### DIRECTIONS FOR THIS TASK
Copy all of the material below, line for line.

### SOURCE MATERIAL
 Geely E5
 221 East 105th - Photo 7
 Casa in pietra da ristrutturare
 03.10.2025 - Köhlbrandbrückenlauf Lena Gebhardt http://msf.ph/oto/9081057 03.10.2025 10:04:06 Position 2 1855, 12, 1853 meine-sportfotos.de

### ANSWER TO THE PROBLEM
 Geely E5
 221 East 105th - Photo 7
 Casa in pietra da ristrutturare
 03.10.2025 - Köhlbrandbrückenlauf Lena Gebhardt http://msf.ph/oto/9081057 03.10.2025 10:04:06 Position 2 1855, 12, 1853 meine-sportfotos.de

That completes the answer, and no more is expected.